What is needed is a verbatim copy of the data, minus the pictures.

Source data>
_ _ _ _ _ _ _
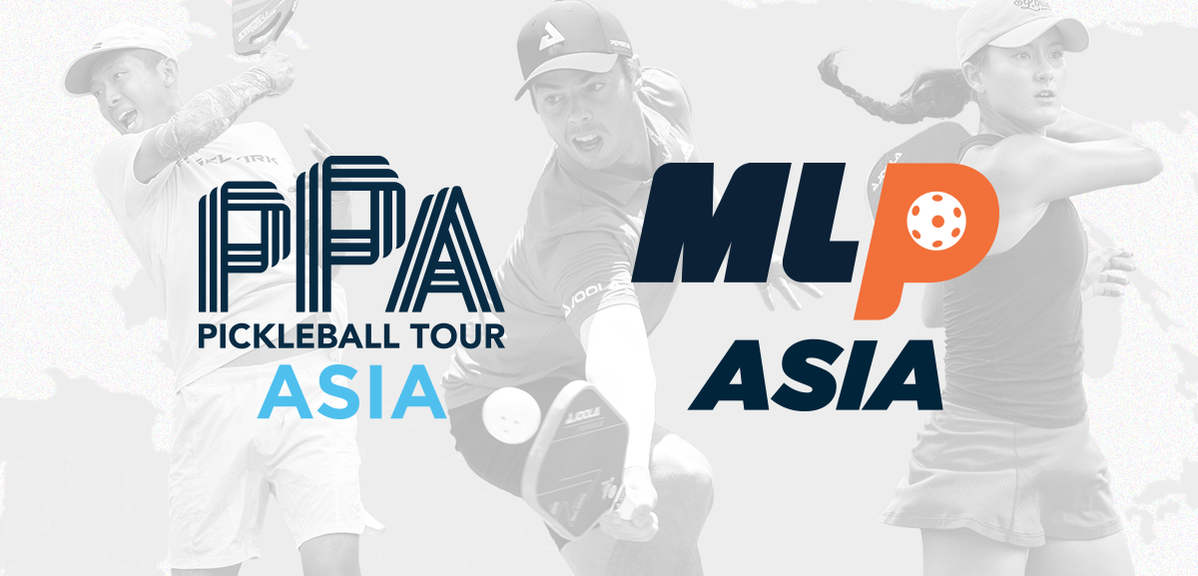 PPA Tour Asia and MLP Asia are Announced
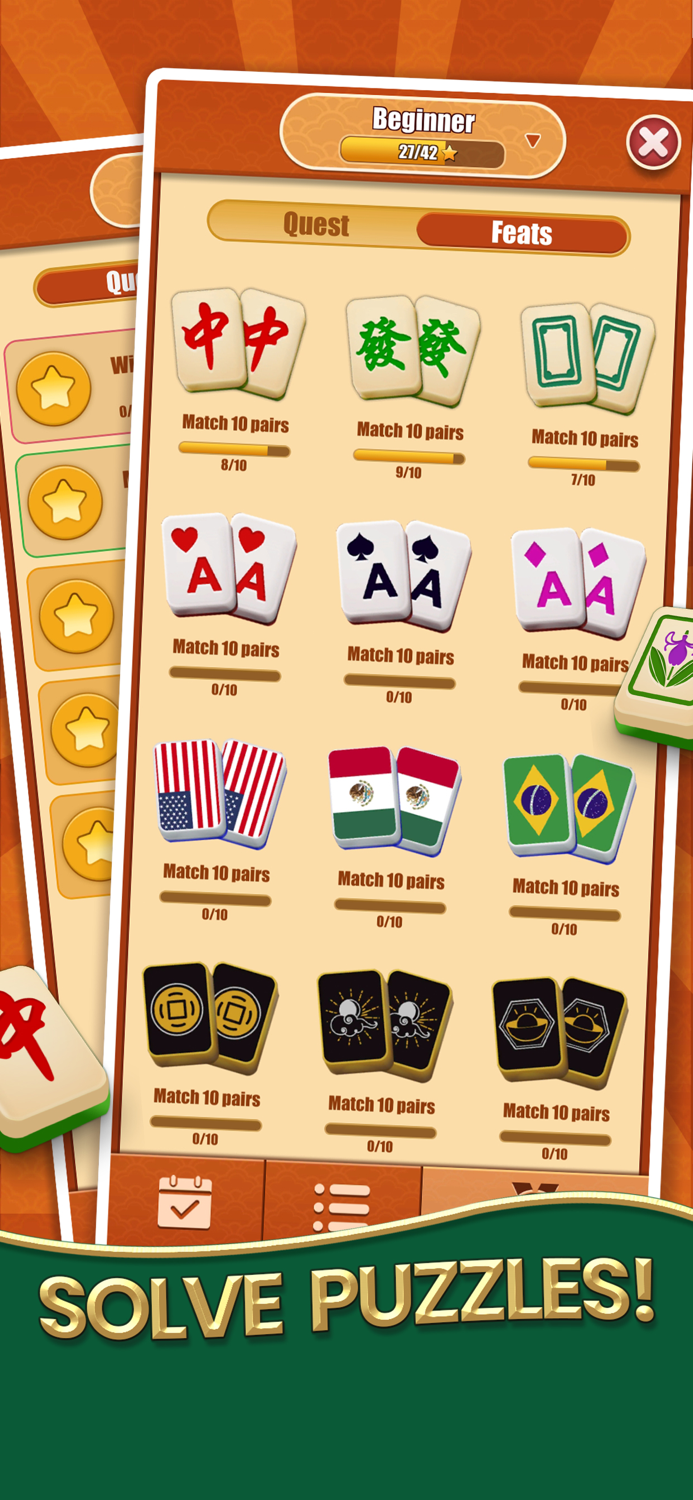 Mahjong Solitaire - Master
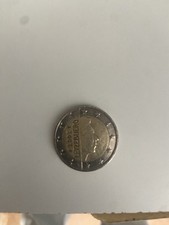 Moneta LETZEBUERG da 2 euro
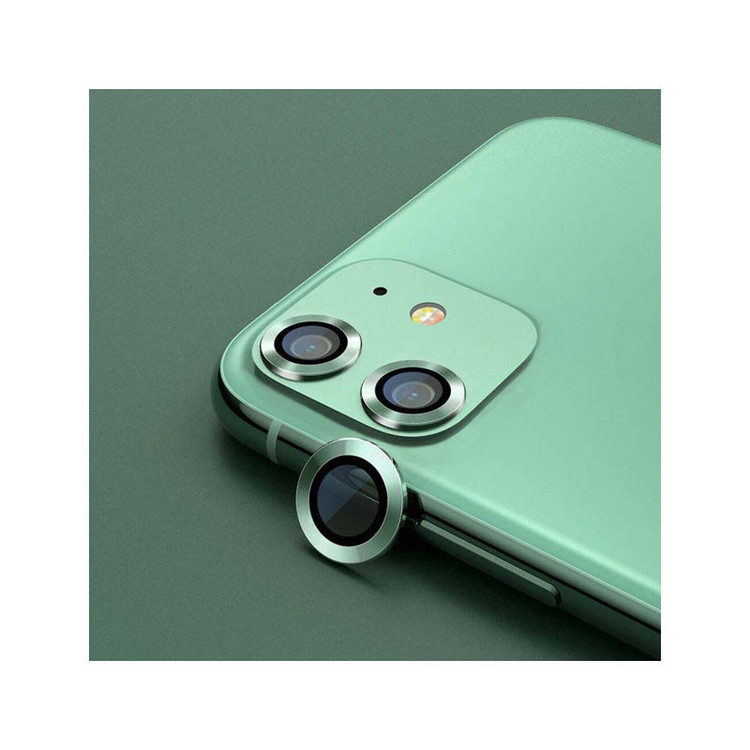 محافظ لنز دوربین لایونکس مدل RINGLION مناسب برای گوشی موبایل اپل iPhone 14 Pro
_ _ _ _ _ _ _
Expected answer>
 PPA Tour Asia and MLP Asia are Announced
 Mahjong Solitaire - Master
 Moneta LETZEBUERG da 2 euro
 محافظ لنز دوربین لایونکس مدل RINGLION مناسب برای گوشی موبایل اپل iPhone 14 Pro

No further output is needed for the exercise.